ART GALLERY:  I’m the manager.  As long as my walls don’t crumble and my plumbing works, I’ll keep running this place no matter how old I get.

Yeah—you must be really proud of all that you hold on your walls.

ART GALLERY:  It means the world to me.  I carry thoughts, dreams, visions, statements.  I carry the hearts of so many gifted people.

Totally. In that case, would you mind if I set up an exhibit here?  There are five bloggers who have invited me to guest post or have shared my blog on theirs.  Their art, photos and writing is so beautiful.  As a way to say a heartfelt thank you and let the world know about their work, can I set up an exhibit of links to some of their best creations?

ART GALLERY:  Absolutely.   I’ll keep it here forever.

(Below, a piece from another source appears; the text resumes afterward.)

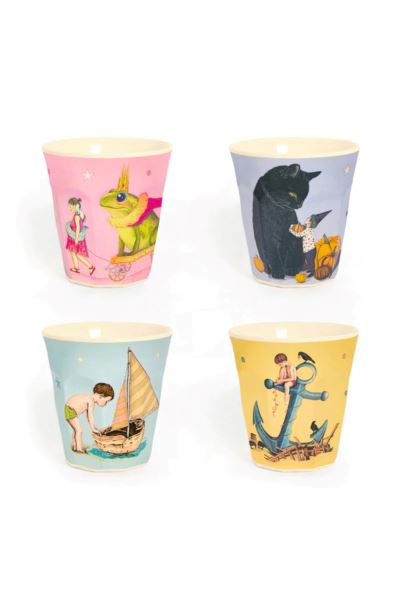 Mountain Warehouse Brand Set Of 4 Cups - Boat, Anchor, Cat & Frog Multicoloured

Okay bloggers reading this post!  Click on each link, and you’ll definitely smile:

1.Linda has invited me to post as a “Guest in Jest” on her site on February 2. Her blog is about “crazy stuff that happens and things that amuse me.” I’m in love with Linda’s skunk photos. Click and scroll up to them here:

https://mainepaperpusher.wordpress.com/2017/12/02/black-white-vs-color-challenge/#comment-5668

2. Da Al invited me to share my post about a kitten I found Over the Hill on the Yellow Brick Road.  She posts on arts/cooking/dancing/joy/writing/tales and tails.  I have a special place in my heart for a piece she calls “silk hand and eye.” Click and scroll down to it here:

https://happinessbetweentails.com/2016/09/05/art-love/

3.Raili was inspired by one of my posts and shared it on her blog. She’s always “creating magic with words” through poetry, stories, and thoughts about health and well-being. I can’t stop staring at her purple tree photos:

https://soulgifts.com.au/2017/11/24/echoes-of-purple/

4.Elaine did a very kind shout-out to my blog. Elaine paints and writes while “living and following the light.” I especially love her fantasy work. Here’s her display of amazing paintings.

https://elainespaintings.com/

5.Barbara shares every single one of my posts on Facebook. She does incredible paintings and photographs.  The expression in the eyes of every animal she paints blows me away:

https://www.facebook.com/RosenbergMuseumOfArt/

That’s all for now!  Hope you enjoyed the art show!